Lee Equity Partners
- Company type: Private
- Industry: Private equity
- Predecessor: Thomas H. Lee Partners
- Founded: August 18, 2006; 19 years ago
- Founder: Thomas H. Lee
- Headquarters: General Motors Building, New York City, United States
- Products: Growth capital
- AUM: $3.0 billion
- Number of employees: 20+
- Website: leeequity.com

= Lee Equity Partners =

American private equity firm

Lee Equity Partners is an American private equity firm focused on growth capital investments in middle-market companies across a range of industries.

==History==
The firm is based in New York City and it was founded in 2006 by Thomas H. Lee, the notable private equity investor who previously founded Thomas H. Lee Partners and also owns the Blue Star group of fund of hedge funds.

In March 2006, Thomas H. Lee resigned from Thomas H. Lee Partners as the firm was nearing completion of fundraising for its sixth private equity fund. In the same year, Lee formed Lee Equity Partners, a private equity firm focused on the same leveraged buyout transactions that he had been completing for nearly 35 years at THL.

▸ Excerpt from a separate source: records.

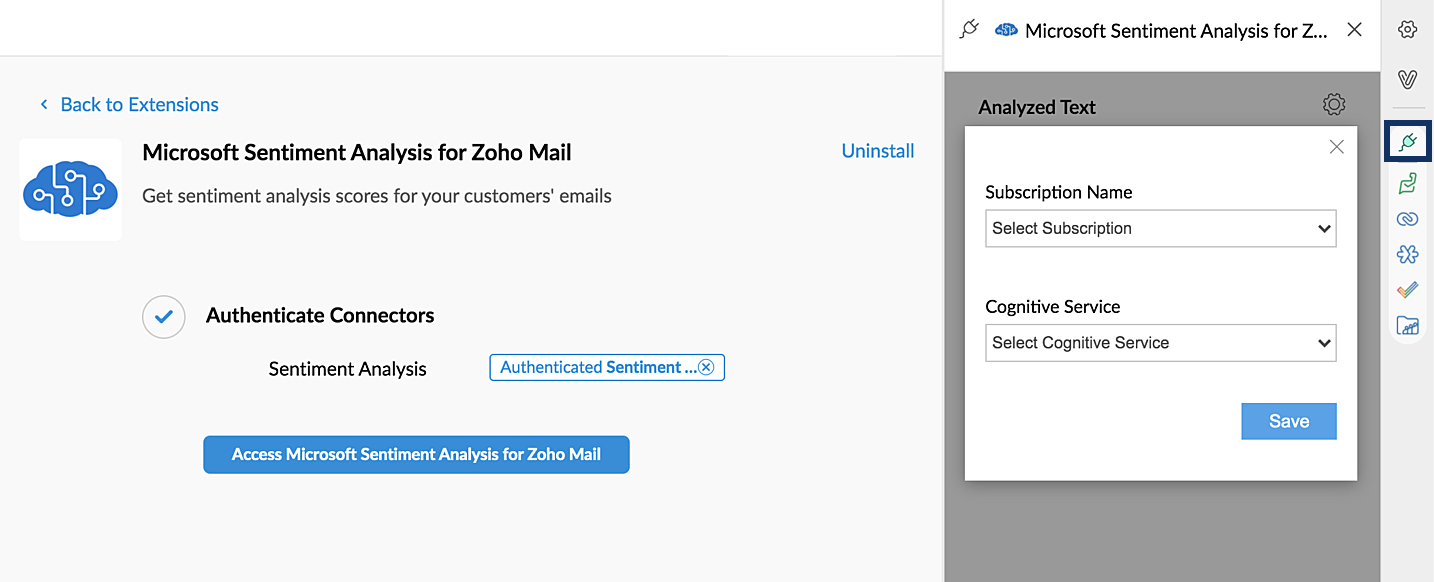 Microsoft sentiment analysis for Zoho Mail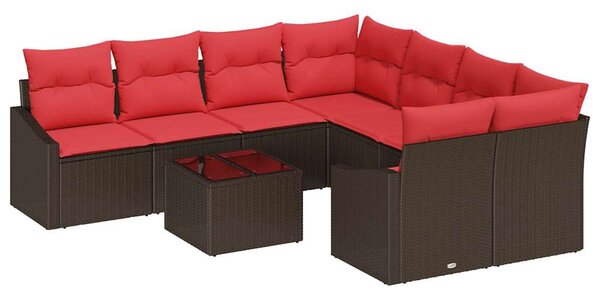 Set pohovek 9 ks 3-Počet míst Hnědá a červená polyratan 3346664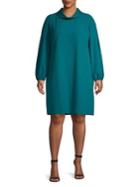 Tahari Arthur S. Levine Plus Mockneck Balloon-sleeve Dress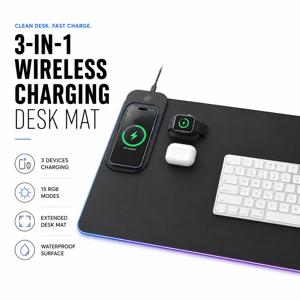 3-in-1 무선 충전 데스크 매트 RGB 게이밍 마우스 패드 대형 방수 초슬림 데스크탑 패드 (휴대폰 거치대 포함) 사무실용
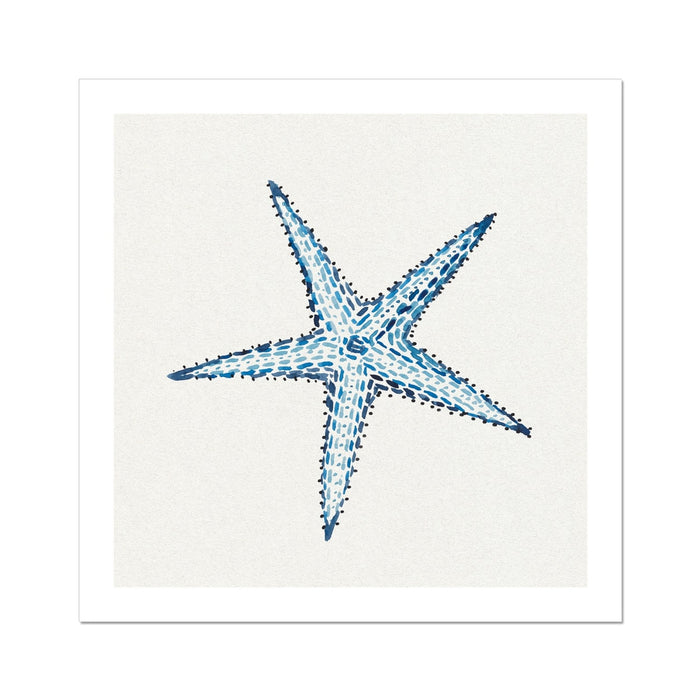 Blue starfish coastal art print painted in layered watercolour brushstrokes by Beach House Art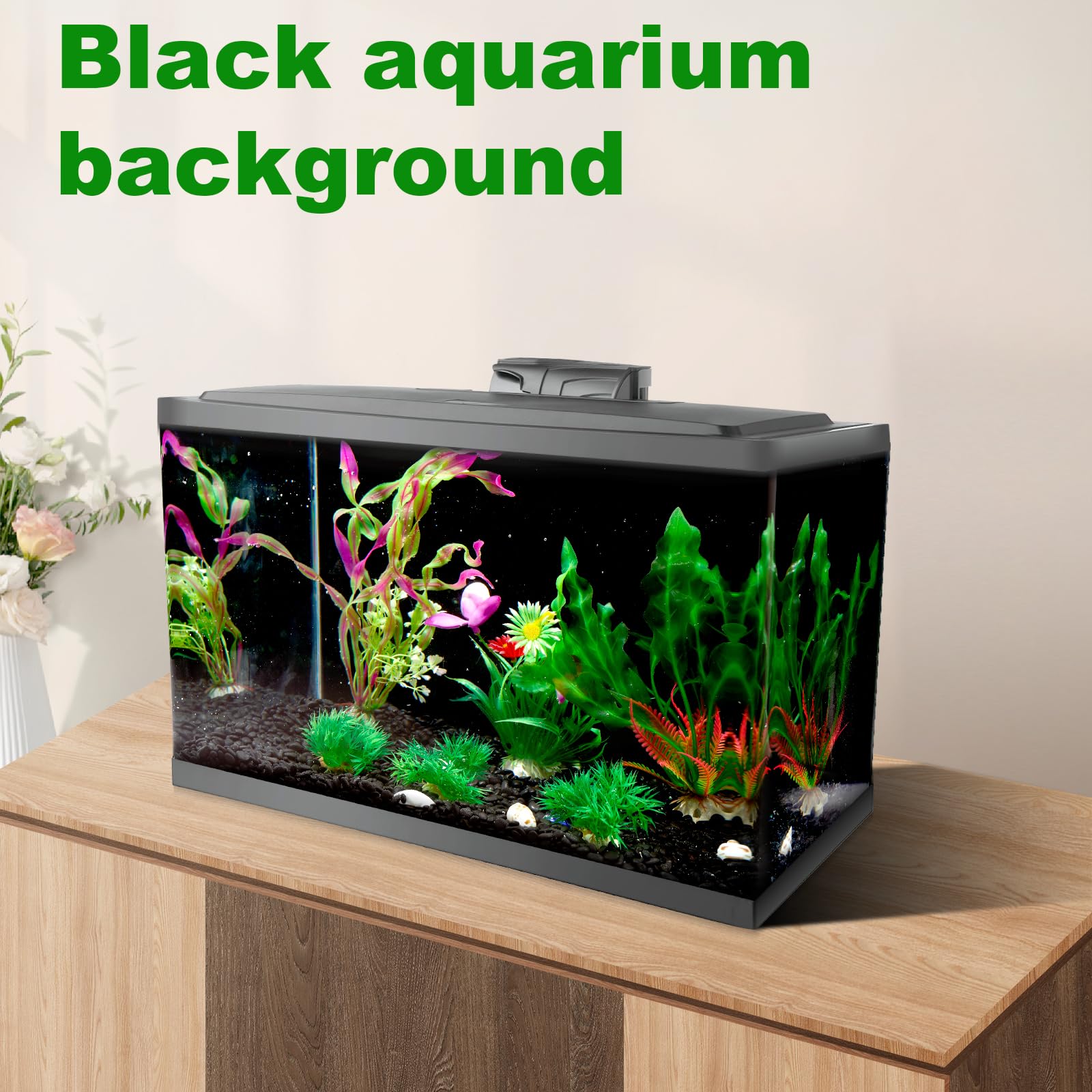 COCODE fondo vinilo negro para acuario facilita cambios decorativos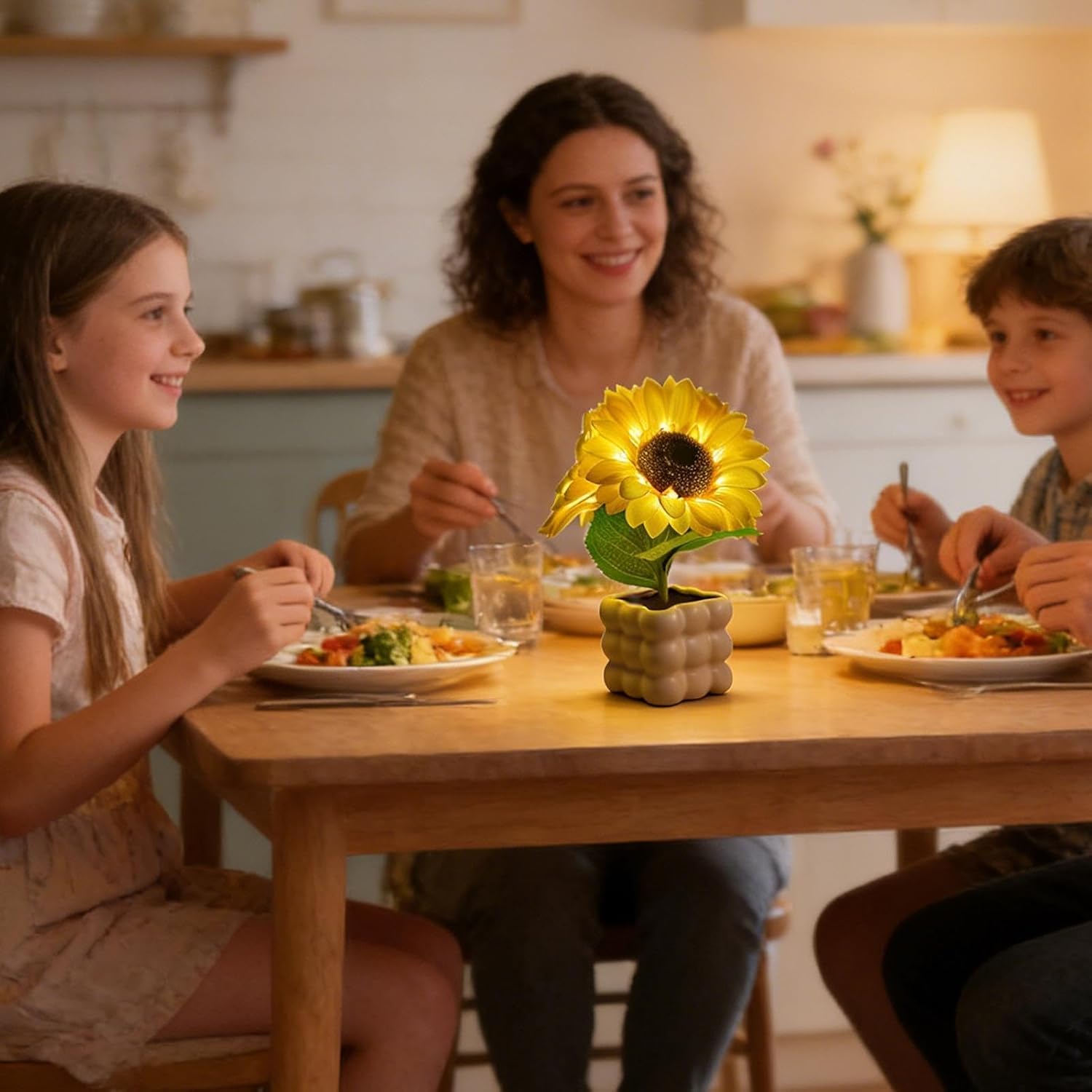 Sunflower Lamp for Desk,Dimmable Flower Lantern - Rechargeable Desk Light | for Bedroom Nightstand Apartment Balcony Restaurant Home Kitchen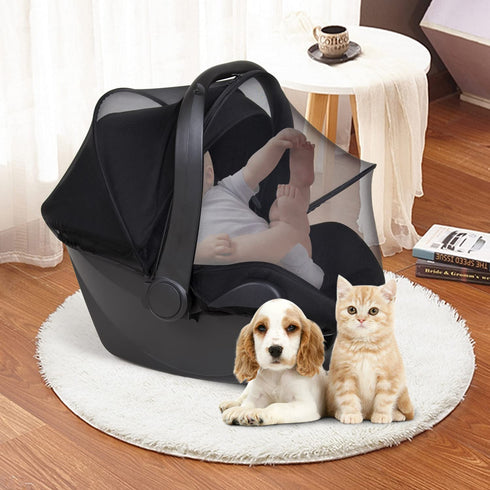 Beberoad Love Universal Car Seat Mosquito Net Insert, Breathable & Durable Mesh Net (Black)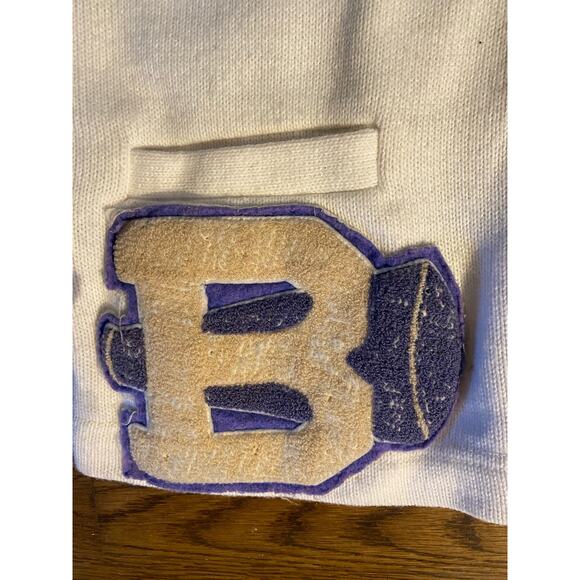Vintage Dehen white Varsity letterman jacket cheer patch blue yellow sz 48 - Picture 3 of 9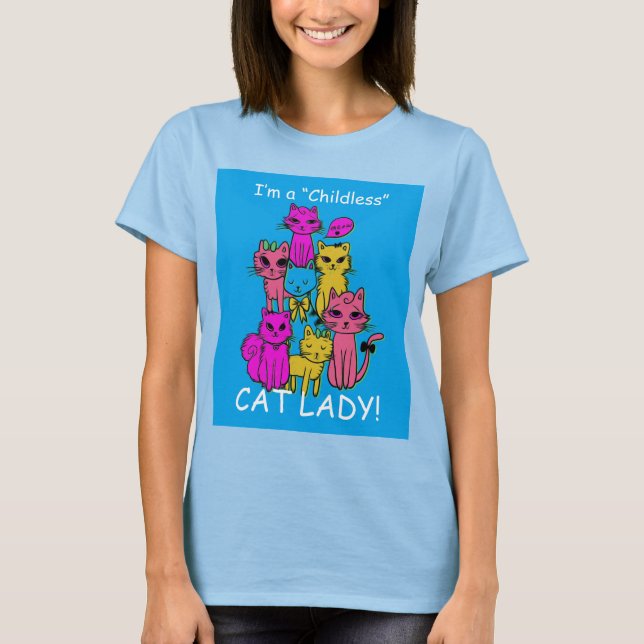 Camiseta Dama de gato sin hijos - Diseño de gato Personaliz (Anverso)
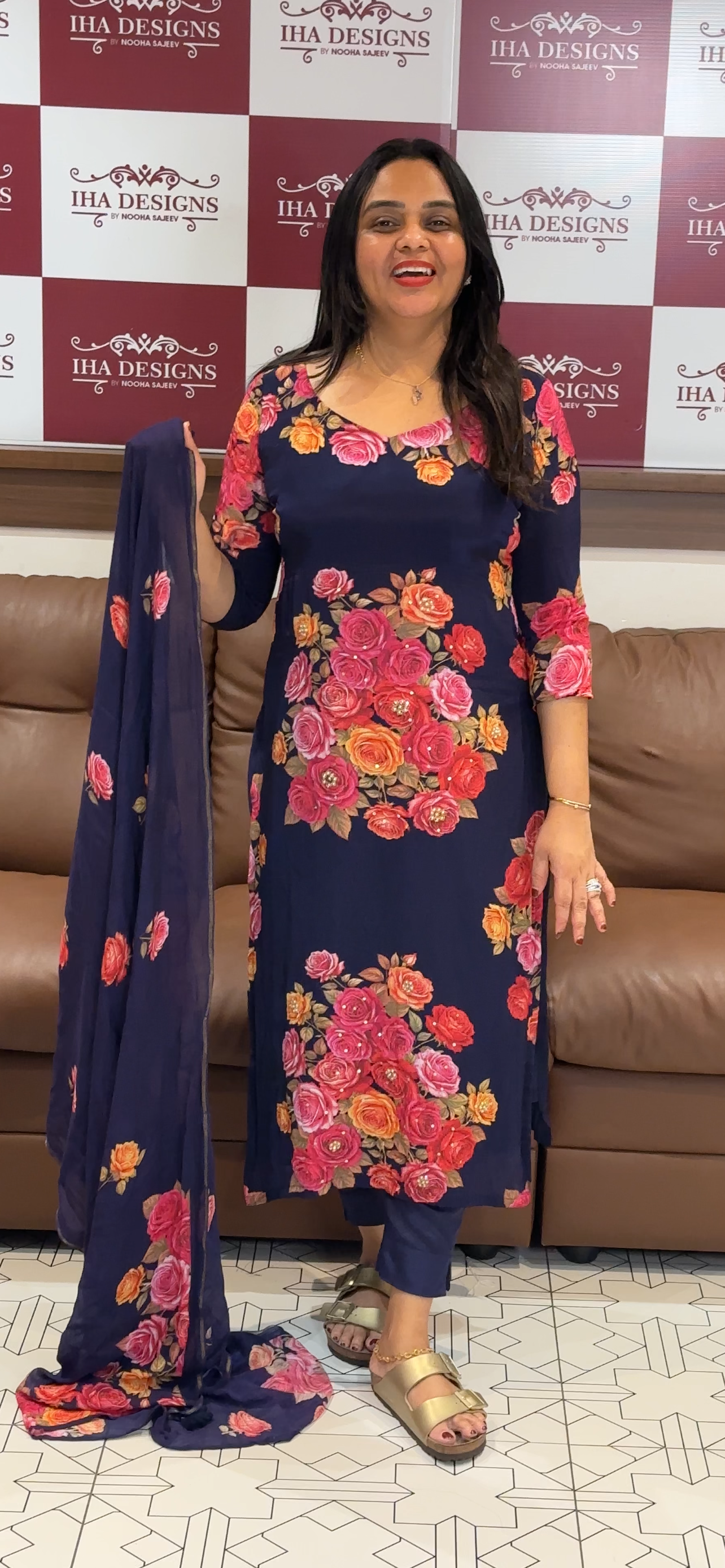 PRINTED CRAPE UNSTITCHED SALWAR SUITS - IHA 33011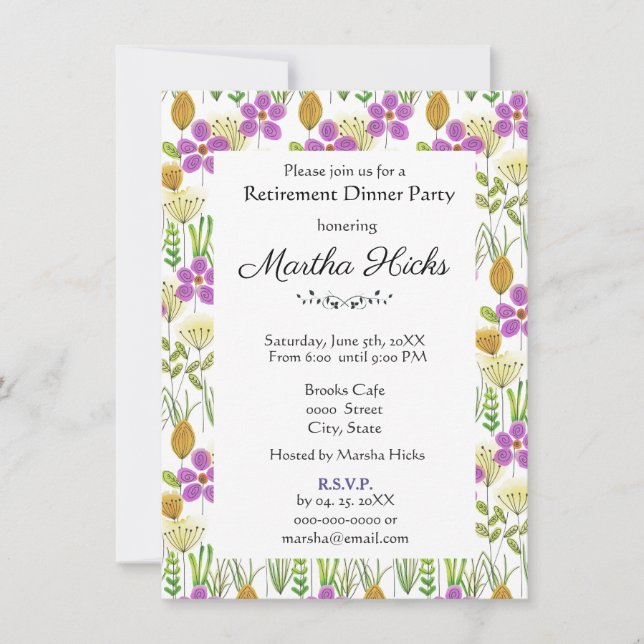 Invitación Fiesta de cena de jubilación con flores de acuarel (Anverso)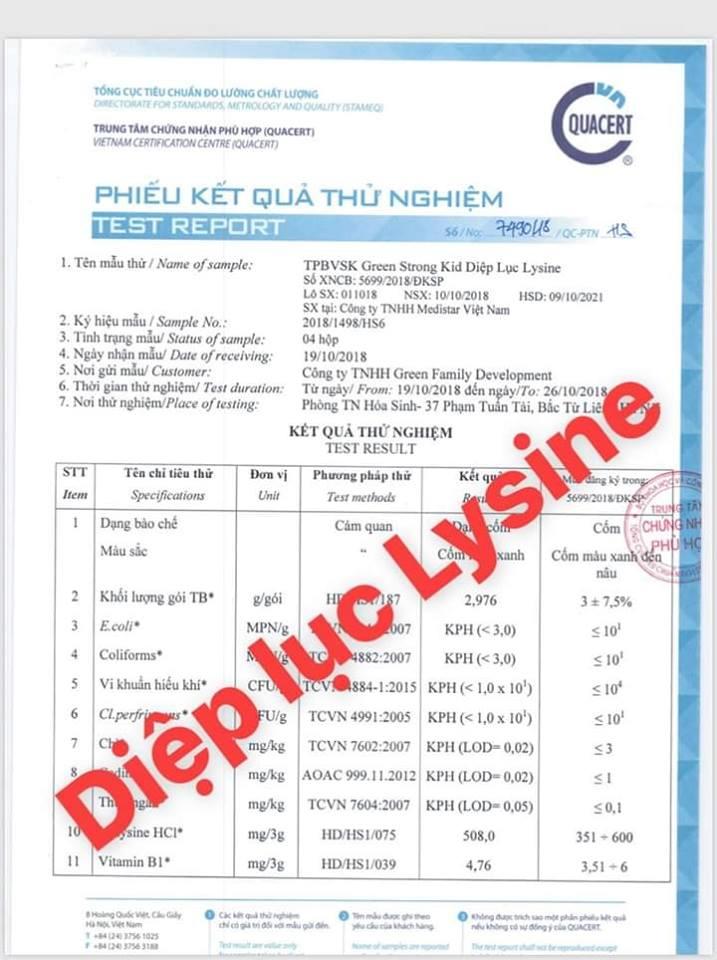 [HCM]Diệp Lục Lysine (Green Strong Kid)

Both Lee and THL insisted that the move was amicable; however, persistent reports suggested that Lee, who had limited his day-to-day involvement in the firm and had relocated to New York City, had been pushed out by several partners.

Among the first professionals to join Lee Equity Partners included Mark Gormley, a founding partner of Capital Z Partners; David Morrison, former president and CEO of Mercer Management Consulting; and Allen Questrom, former CEO of J.C. Penney Company, Barneys New York, Federated Department Stores and Neiman Marcus. The firm also brought in former investment professionals from Bain Capital and The Carlyle Group.

The firm's first investments included the acquisition of Deb Shops in 2007.